Federal agencies can fully implement President Donald Trump’s (R) three civil service executive orders after the United States Court of Appeals for the District of Columbia Circuit on Wednesday lifted an injunction that had blocked the implementation of provisions concerning the use of union official time.
President Trump issued the civil service executive orders (E.O. 13837, E.O. 13836, and E.O.13839) in May 2018. The orders include proposals aimed at facilitating the removal of poor-performing federal employees and streamlining collective bargaining procedures. Union groups, including the American Federation of Government Employees, the National Treasury Employees Union, and 13 smaller unions, filed suit to prevent the orders from taking effect.

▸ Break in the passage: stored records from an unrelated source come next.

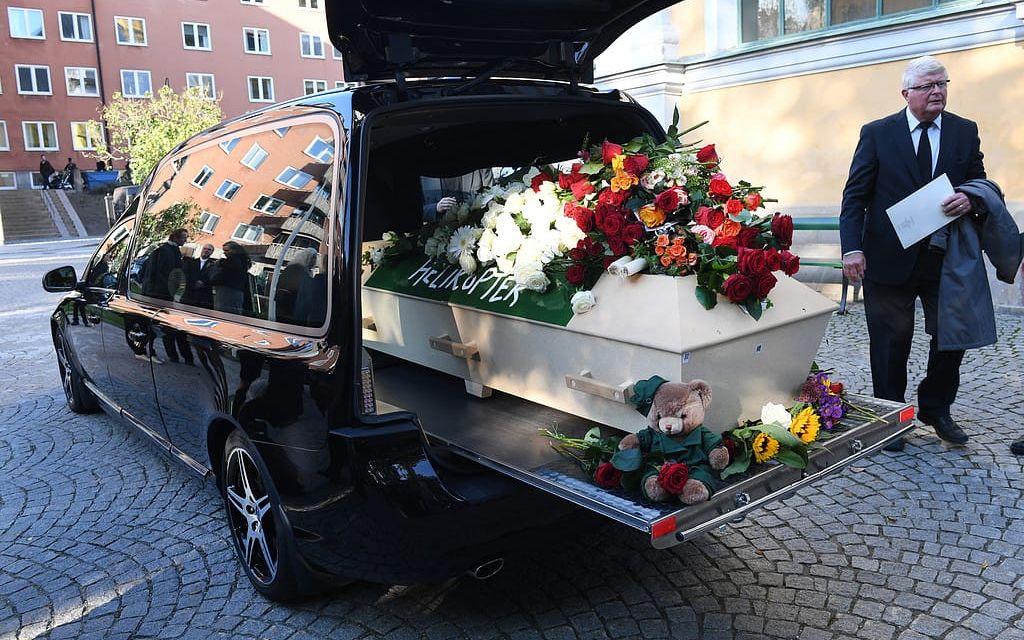 Janne "Loffe" Carlsson begravs i Katarina kyrka i Stockholm på måndagen. Kistan utanför kyrkan efter begravningsakten. Foto: Fredrik Sandberg / TT /
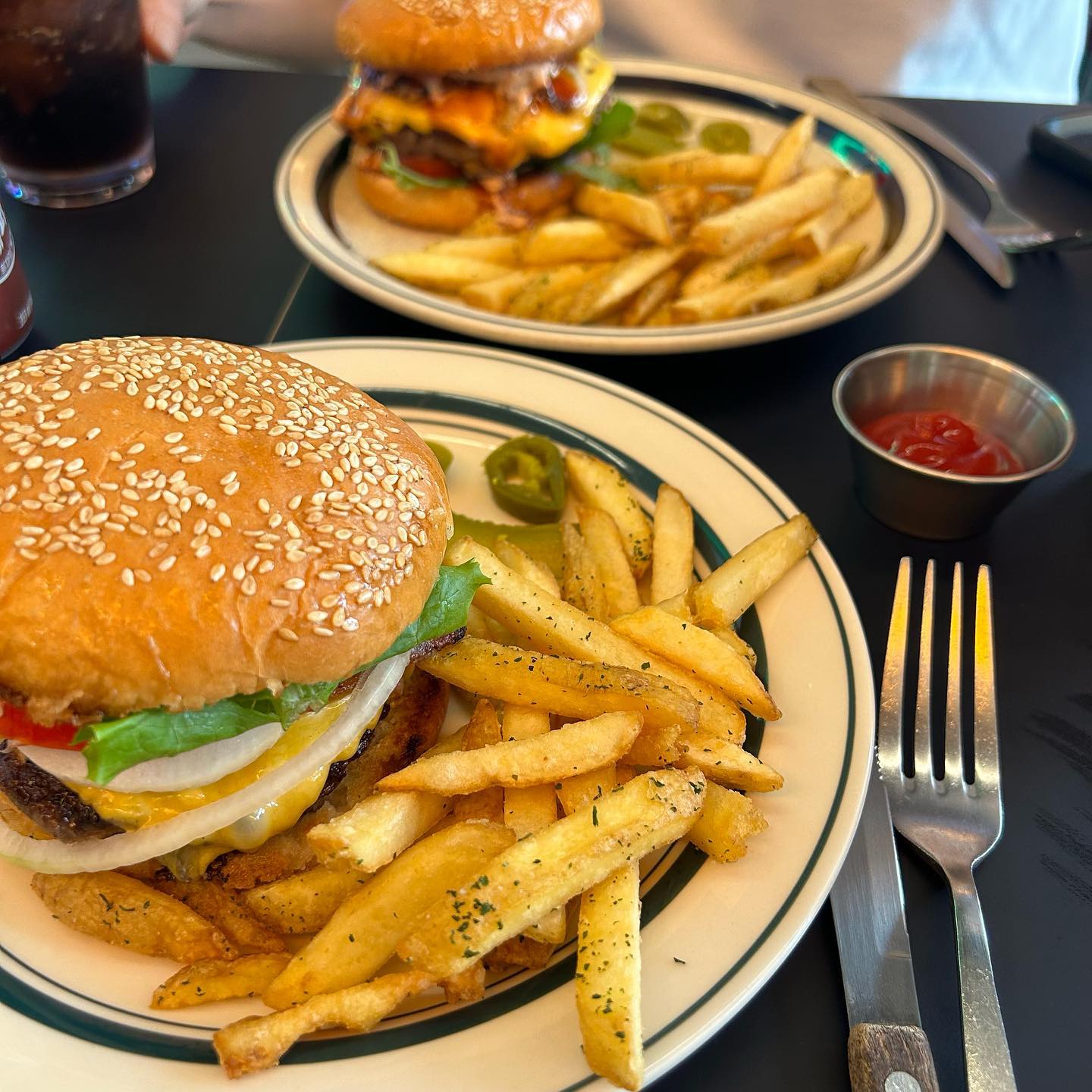 #그랩어비
부평에 2014년부터 있는 
수제버거 맛집 :) ! 
깔끔한 분위기 + 1인세트 있어서 넘 좋아요 !! 
-
-
-
-
-
-
-
#mukbang #hamburger #foodphotography #수제버거맛집 #저녁 #부평데이트 #부평역 #부평데이트코스 #부평수제버거 #부평역맛집 #부평시장역맛집 #평리단길맛집 #평리단길 #일상소통 #댓글환영 #먹팔환영 #먹팔맞팔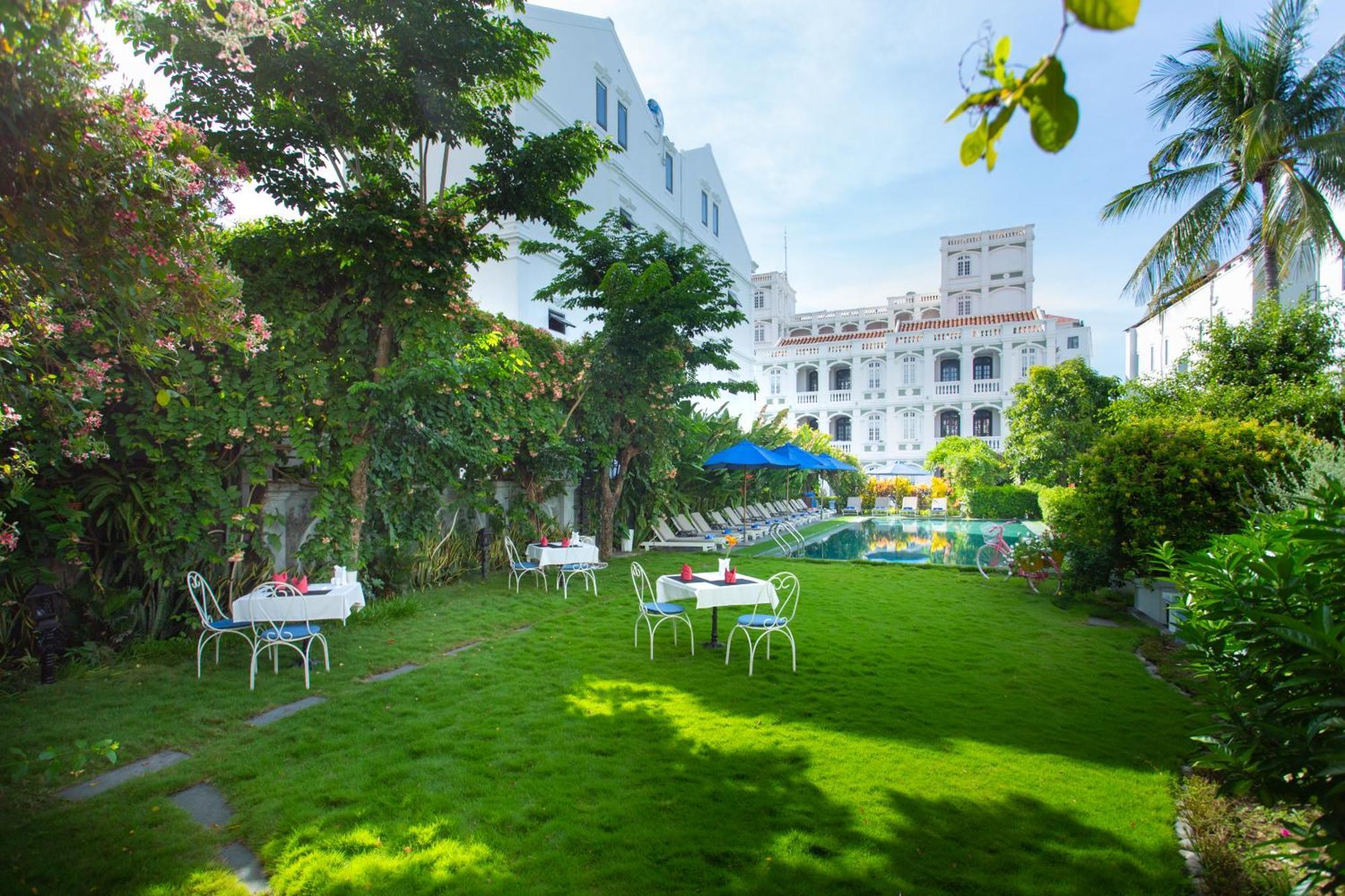 Khu nghỉ mát Garden Palace And - A Boutique Inspired By Nature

Judge Ketanji Brown Jackson of the United States District Court for the District of Columbia issued an injunction in August 2018 blocking Trump administration officials from implementing nine provisions of the executive orders that she claimed unlawfully restricted the use of union official time. A three-judge panel of the United States Court of Appeals for the District of Columbia Circuit reversed Jackson’s ruling in July, holding that the lower court did not have jurisdiction and that the plaintiffs should have brought their case before the Federal Labor Relations Authority (FLRA) as required by the Federal Service Labor-Management Relations Statute (FSLMRS).
The plaintiffs requested a rehearing en banc before the full D.C. Circuit in August, but the court denied the request on September 25 without providing a rationale for its decision. The court lifted the injunction one week later.